What to work on:
No pictures should appear. The lines from the beginning of the listing through the one holding "Marvel Avengers Leakproof" must be reproduced exactly, and nothing more.

Dataset excerpts:
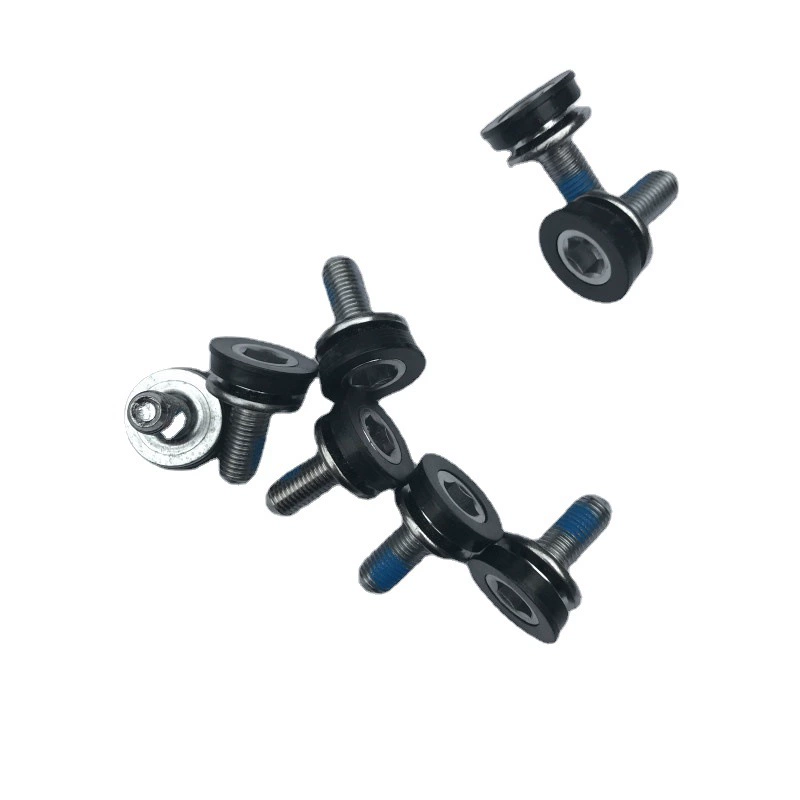 Зубчатая пластина велосипеда средний вал Водонепроницаемый винт шестигранный винт горный велосипед средний вал винт средний вал L Винт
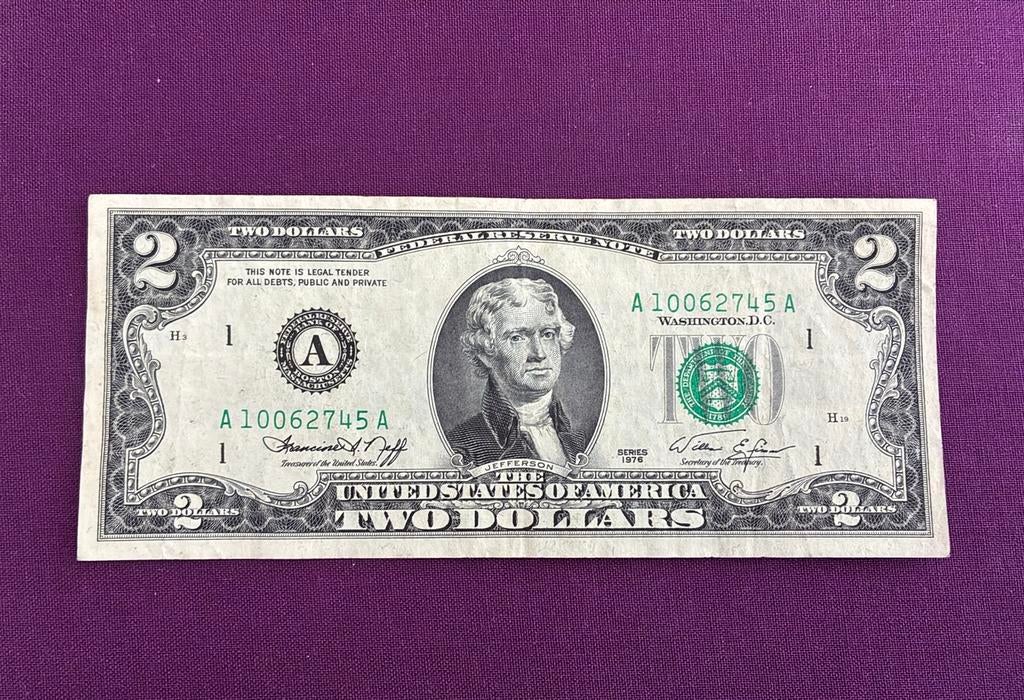USA 2 dollar 1976 mooie kwaliteit, Postzegels en Munten, Bankbiljetten | Amerika, Ophalen of Verzenden, Noord-Amerika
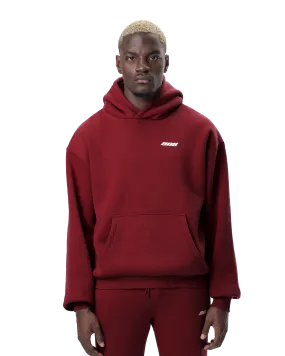 Basic Hoodie Wine Red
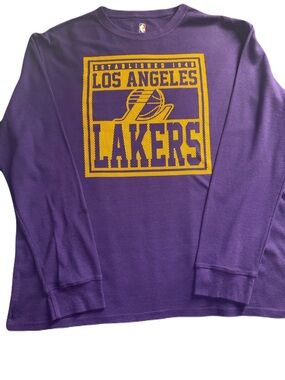 NBA Los Angeles Lakers Purple and Gold Graphic Thermal Top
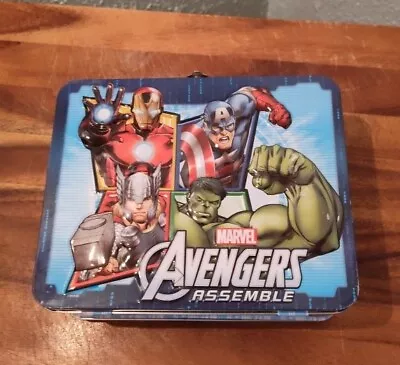 Marvel Avengers Leakproof Durable Lunchbox Clean Unique Tin Metal Work School. • $11.99
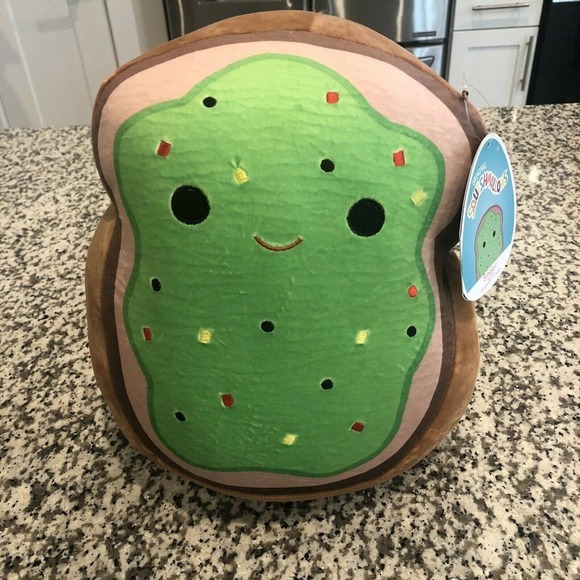 SQUISHMALLOW 12" Food Sinclair the Avocado Toast NEW Collector Favorite - Picture 1 of 6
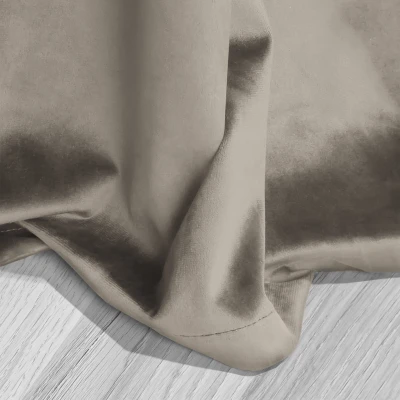 Ciemny Beż Zasłona Zaciemniająca Welurowa Velvet 140x250 Welwetowa Aksamit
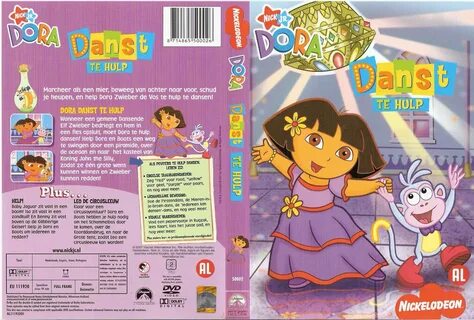 Dora The Explorer Danst Te Hulp DVD NL DVD Covers Cover Cent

Task result:
 Зубчатая пластина велосипеда средний вал Водонепроницаемый винт шестигранный винт горный велосипед средний вал винт средний вал L Винт
USA 2 dollar 1976 mooie kwaliteit, Postzegels en Munten, Bankbiljetten | Amerika, Ophalen of Verzenden, Noord-Amerika
 Basic Hoodie Wine Red
 NBA Los Angeles Lakers Purple and Gold Graphic Thermal Top
 Marvel Avengers Leakproof Durable Lunchbox Clean Unique Tin Metal Work School. • $11.99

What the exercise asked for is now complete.